Allison's Book Bag

A Year with Who?

Posted on: November 6, 2014

In a presentation at the 2014 Plum Creek Children’s Literacy Festival entitled “A Year with Who?”, Jeff Kurrus talked about the life of a writer and photographer who has taken the motto “know your audience” to an entirely new level. Associate editor of the award-winning wildlife publication NEBRASKAland magazine, Kurrus lives in the Midwest and is the author of the Golden-Sower nominee Have You Seen Mary? and The Tale of Jacob Swift. What follows are the highlights of his presentation.


OLYMPUS DIGITAL CAMERAJeff Kurrus began by saying that he is no different from a seven or eight year old kid. When he looks at readers, he wants them to love his books.

On the heels of this statement, Kurrus talked about how photos are an optimal way to teach art and stories. Kurrus displayed a dazzling array of photos and explained that one can stop a room with an image that hasn’t been seen before or with an angle that hasn’t been done before. For example, kids like his photos of a deer that is making a face and of a snake with a head in focus but with the rest of it blurred. Bringing this idea closer to the classroom, Kurrus observed that a popular topic that kids write about is Disney World. He suggested that instead of students writing about the amusement park rides, why not write about the long lines?

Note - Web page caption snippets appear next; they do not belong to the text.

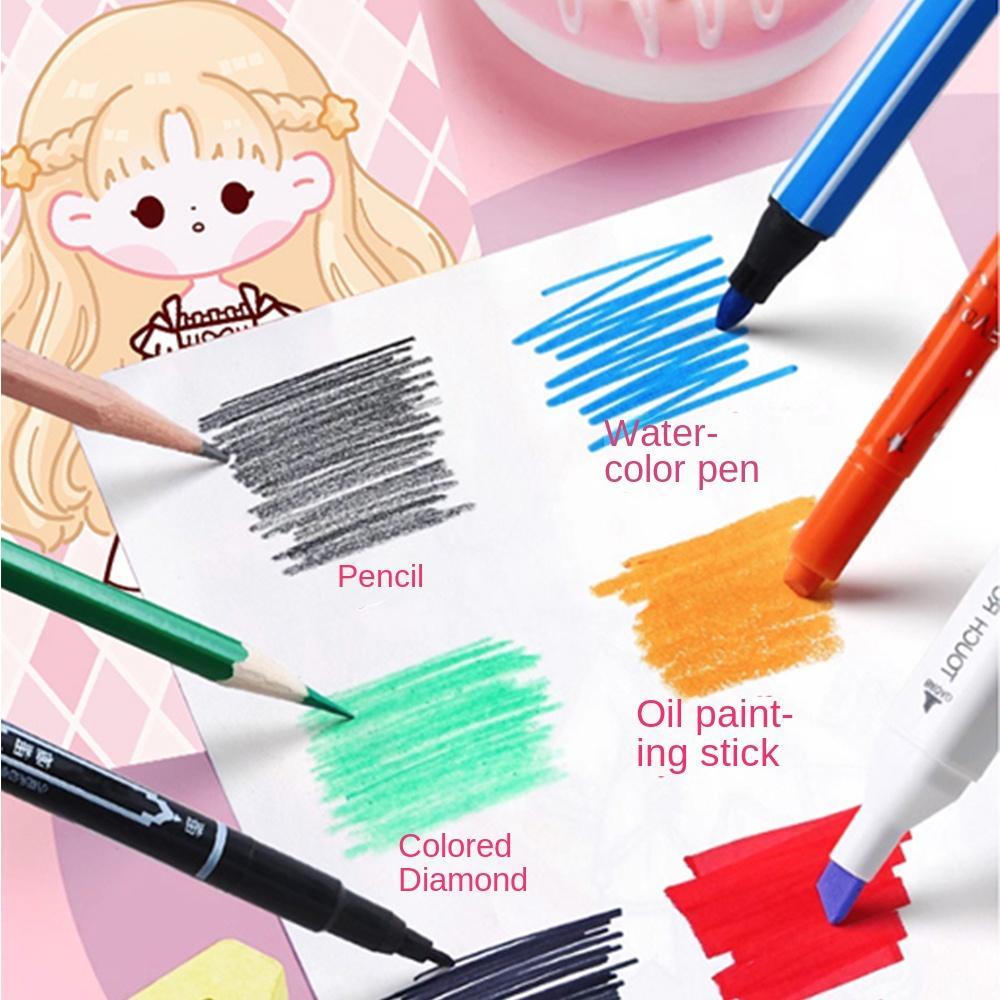 Sticker Dán Trang Trí Sách DIY Hình Graffiti Dễ Thương Có Thể Tái Sử Dụng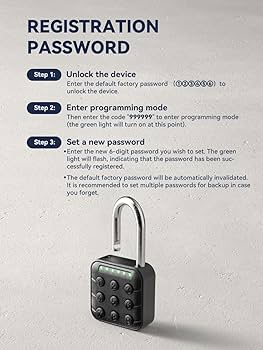 NexusLab High-Security 6 Digit Combination Padlock: IP67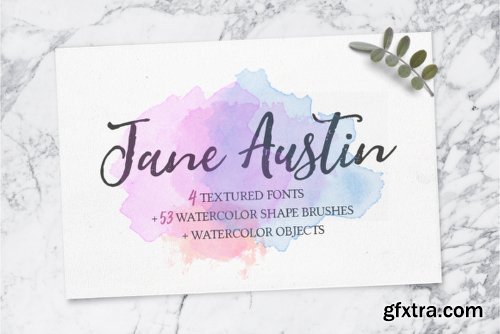 Jane Austin Font Family - 4 Fonts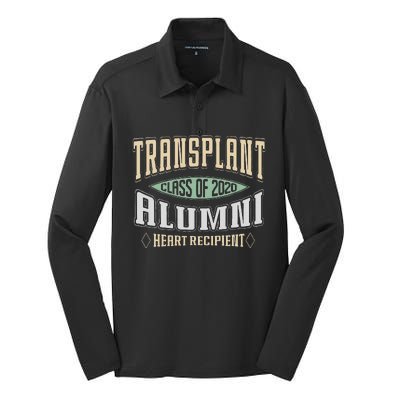 Heart Transplant Recipient A 2020 Transplant Alumni Vintage Silk Touch Performance Long Sleeve Polo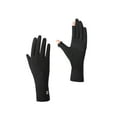 thumbnail image 1 of Men's Ice Silk Sun Protection Gloves With Non-Slip Palm For Delivery Riding And Fishing Featuring UV Blocking And Breathable Material Suitable For Summer Outdoor Activities(Black), 1 of 5
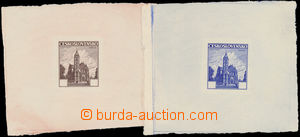 158470 - 1938 PLATE PROOF  unissued stmp Košice, 2 plate proofs - pr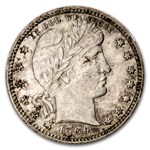1909-D Barber Quarter AU
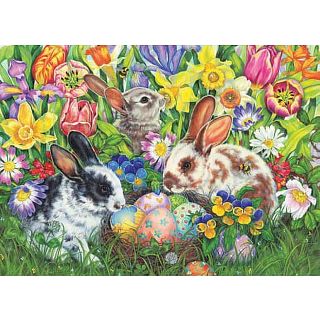 Easter Bunnies - Family Pieces Puzzle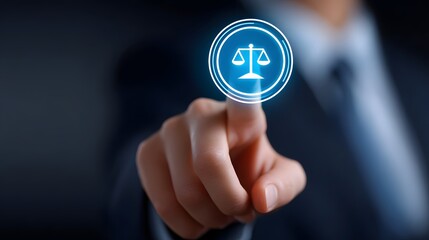 Digital scales of justice symbolizing law and legal concepts.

When he teaches writing, Kurrus also shows his photos. This makes it personal. He also presents multiple variations of those photos. For example, he might show a photo of a flower and then zoom in on the bee, or he might show a fish but then present it from an underwater perspective. This to him is an ideal way to teach revision.

After this introduction, Kurrus proceeded to give examples of specific activities that teachers might try. Most of them relate to animals, because Kurrus wants to generate an interest in the outdoors.

  • Students can create a photo story. One will be a supervisor. Another one will be the photo editor. And another will be the writer. Students will create a story that others will read and critique. The activity addresses content and audience.
  • Teachers can also photos to talk about research and about animals that kids normally take for granted. For example, one topic could be robins. Teachers could lead students into a discussion of history by connecting robins to the passenger pigeons.
  • Finally, teachers could quiz students to encourage them to learn about animals. By asking leading questions about animals, and requiring students to research the answers, teachers can prompt them to ask: WHY???


After listing various activities for teachers to share with their students, Kurrus talked specifically about his two books. He enlisted about forty students to critique Have You Seen Mary? and about a thousand for The Tale of Jacob Swift. Initially, he was petrified. There are an abundance of chapter books. Most young people don’t know anything about sand hill cranes, the topic of Have You Seen Mary? How would they react to his manuscript?

In teaching students to do peer reviews and to work with one another, Kurrus starts out with two rules:

  • Be nice. I’m sensitive.
    (I have a desire to write but only average talent.)
  • Be specific. Explain why something should be changed and how.
    (I will listen and evaluate. I’m looking for patterns.)

Next, he shares the writing process:

  • Draft
  • Research
  • Organize Photos (10,000 to 40)
  • Revise
  • Polish
  • He stressed that students need to know that writers don’t live on a magic farm. Authors have to revise.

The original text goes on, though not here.